The first section of WHERE THE BLUEBIRD SINGS deals with Stegner’s own life, tracing his path from his birth in Iowa, to his childhood in Canada and Montana, and on to his maturity in various parts of the country. More specifically, Stegner traces his personal development as a Westerner; the author probes his own nature and his own relationship with the Western landscape, seeking to understand its influence upon his private and artistic Self.

The second section of the book takes a broad and incisive look at the identity of the American West, at its stereotypes, its myths, and its transformations. Stegner notes that the only unity within the vastness of the region is aridity: Water, and the scarcity of water, identifies the West most precisely and dramatically. The West, says Stegner, is a region we have sought to shape in our own images, and so we have imposed our necessary myths upon it. What Stegner argues is that the direction in which the West is headed runs counter to nearly all of those cherished and inauthentic images.

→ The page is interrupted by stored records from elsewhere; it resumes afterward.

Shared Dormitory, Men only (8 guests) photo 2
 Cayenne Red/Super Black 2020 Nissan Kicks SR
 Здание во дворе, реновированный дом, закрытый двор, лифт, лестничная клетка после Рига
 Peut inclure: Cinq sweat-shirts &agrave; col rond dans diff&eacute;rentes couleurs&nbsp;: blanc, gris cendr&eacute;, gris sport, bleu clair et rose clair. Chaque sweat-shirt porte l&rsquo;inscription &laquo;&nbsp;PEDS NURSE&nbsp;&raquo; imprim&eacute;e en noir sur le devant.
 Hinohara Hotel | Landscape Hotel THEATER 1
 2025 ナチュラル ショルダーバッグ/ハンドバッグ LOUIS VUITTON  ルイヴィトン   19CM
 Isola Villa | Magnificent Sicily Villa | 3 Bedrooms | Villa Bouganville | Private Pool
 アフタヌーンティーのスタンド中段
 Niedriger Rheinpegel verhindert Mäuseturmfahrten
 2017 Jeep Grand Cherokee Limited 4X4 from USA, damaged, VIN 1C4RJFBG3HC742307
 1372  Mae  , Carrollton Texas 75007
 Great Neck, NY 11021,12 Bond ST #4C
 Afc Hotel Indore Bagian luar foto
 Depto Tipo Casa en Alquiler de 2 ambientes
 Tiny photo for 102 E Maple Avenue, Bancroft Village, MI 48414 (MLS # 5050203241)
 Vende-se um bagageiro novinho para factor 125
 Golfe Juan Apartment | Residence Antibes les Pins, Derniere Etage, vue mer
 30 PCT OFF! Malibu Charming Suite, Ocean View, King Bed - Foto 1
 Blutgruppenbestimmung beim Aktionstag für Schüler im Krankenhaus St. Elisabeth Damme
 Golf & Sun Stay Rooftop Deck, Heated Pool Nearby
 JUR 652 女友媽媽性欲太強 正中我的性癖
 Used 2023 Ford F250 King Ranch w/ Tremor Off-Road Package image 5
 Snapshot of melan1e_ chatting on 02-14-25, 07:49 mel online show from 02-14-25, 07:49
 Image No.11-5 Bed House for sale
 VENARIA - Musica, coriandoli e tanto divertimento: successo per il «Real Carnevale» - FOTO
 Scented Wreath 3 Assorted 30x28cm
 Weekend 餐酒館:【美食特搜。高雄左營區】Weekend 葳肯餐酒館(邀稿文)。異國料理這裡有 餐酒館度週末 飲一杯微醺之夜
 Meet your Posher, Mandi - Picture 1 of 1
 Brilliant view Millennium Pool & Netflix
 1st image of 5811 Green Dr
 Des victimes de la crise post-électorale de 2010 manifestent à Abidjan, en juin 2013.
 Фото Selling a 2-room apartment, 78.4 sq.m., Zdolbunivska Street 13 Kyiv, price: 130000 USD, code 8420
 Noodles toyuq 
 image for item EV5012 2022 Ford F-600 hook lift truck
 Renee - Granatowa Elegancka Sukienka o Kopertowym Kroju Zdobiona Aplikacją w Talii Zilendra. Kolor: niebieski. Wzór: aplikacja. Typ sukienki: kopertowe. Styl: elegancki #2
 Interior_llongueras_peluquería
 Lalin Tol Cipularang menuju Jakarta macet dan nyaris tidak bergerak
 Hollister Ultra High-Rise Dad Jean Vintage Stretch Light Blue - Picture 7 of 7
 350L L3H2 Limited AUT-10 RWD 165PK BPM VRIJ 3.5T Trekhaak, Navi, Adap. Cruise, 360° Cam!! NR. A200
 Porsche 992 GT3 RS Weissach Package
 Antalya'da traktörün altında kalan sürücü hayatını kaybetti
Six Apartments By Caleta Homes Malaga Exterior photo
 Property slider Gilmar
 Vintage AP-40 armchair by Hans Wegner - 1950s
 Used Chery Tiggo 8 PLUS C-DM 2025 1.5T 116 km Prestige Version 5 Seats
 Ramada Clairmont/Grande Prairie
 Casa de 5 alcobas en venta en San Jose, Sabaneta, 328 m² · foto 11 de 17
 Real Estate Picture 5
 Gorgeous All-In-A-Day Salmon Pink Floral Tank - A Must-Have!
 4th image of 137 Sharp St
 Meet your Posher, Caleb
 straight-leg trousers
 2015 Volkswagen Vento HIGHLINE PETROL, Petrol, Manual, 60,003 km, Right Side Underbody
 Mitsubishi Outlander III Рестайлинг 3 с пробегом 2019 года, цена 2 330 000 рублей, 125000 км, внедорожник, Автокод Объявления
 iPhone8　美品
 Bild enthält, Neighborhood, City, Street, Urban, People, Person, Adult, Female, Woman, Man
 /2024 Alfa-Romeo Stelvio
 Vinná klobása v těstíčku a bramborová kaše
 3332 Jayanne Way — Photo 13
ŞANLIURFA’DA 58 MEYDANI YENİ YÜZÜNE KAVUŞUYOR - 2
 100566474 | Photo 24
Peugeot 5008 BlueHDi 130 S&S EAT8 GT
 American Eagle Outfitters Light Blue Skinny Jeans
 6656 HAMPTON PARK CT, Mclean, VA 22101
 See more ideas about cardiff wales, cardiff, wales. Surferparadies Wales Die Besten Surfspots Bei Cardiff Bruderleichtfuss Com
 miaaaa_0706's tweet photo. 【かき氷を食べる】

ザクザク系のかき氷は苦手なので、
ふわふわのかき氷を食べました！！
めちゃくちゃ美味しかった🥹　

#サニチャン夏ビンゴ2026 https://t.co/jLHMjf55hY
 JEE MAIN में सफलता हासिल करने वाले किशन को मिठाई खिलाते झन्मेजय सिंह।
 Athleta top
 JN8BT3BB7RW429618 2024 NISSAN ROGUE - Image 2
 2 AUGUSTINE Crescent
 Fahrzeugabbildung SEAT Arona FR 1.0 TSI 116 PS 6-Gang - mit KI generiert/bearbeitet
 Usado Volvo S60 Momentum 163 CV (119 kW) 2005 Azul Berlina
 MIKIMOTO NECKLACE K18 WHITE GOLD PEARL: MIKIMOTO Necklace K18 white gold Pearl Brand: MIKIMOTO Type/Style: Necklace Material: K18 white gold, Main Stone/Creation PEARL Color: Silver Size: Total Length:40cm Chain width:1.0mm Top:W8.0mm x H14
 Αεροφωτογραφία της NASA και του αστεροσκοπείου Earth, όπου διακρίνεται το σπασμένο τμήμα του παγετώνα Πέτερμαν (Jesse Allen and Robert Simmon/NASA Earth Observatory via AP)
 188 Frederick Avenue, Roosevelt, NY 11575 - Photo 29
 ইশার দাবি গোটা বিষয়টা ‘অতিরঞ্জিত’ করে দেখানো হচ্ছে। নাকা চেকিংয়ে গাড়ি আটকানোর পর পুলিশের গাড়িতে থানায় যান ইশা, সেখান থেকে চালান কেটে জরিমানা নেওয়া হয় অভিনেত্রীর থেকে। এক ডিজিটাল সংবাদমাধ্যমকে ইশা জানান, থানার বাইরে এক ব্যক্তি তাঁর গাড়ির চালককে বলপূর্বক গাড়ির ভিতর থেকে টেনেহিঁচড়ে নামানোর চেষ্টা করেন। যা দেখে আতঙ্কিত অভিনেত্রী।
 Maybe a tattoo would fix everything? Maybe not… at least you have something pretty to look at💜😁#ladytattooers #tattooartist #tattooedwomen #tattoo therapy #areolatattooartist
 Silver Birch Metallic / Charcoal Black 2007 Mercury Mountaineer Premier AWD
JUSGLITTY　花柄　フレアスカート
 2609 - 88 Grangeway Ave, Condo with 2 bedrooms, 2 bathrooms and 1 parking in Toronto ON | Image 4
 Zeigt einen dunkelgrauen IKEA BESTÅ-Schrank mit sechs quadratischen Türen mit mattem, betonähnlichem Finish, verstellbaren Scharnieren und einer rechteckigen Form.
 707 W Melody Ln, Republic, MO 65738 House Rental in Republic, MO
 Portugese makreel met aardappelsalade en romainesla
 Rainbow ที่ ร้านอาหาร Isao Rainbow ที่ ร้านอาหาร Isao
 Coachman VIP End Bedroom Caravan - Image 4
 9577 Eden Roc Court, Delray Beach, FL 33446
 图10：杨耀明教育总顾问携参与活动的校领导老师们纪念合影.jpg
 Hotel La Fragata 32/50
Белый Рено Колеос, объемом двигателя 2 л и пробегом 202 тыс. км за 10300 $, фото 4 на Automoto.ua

The third and final portion of the book studies the literary art of the West, suggesting ways of reading that literature. Stegner emphasizes the need to understand the literature of the West as a product of a particular place and therefore infused with the spirit of that place. In his essays here on such writers as Walter Van Tilburg Clark and Norman Maclean, Stegner describes his own aesthetic vision and his impulses as a writer. He make special mention of the autobiographical element in his fiction, an element which he says especially allows for knowledge and truth-telling. It is that very knowledge and truth for which Stegner will continue to be known.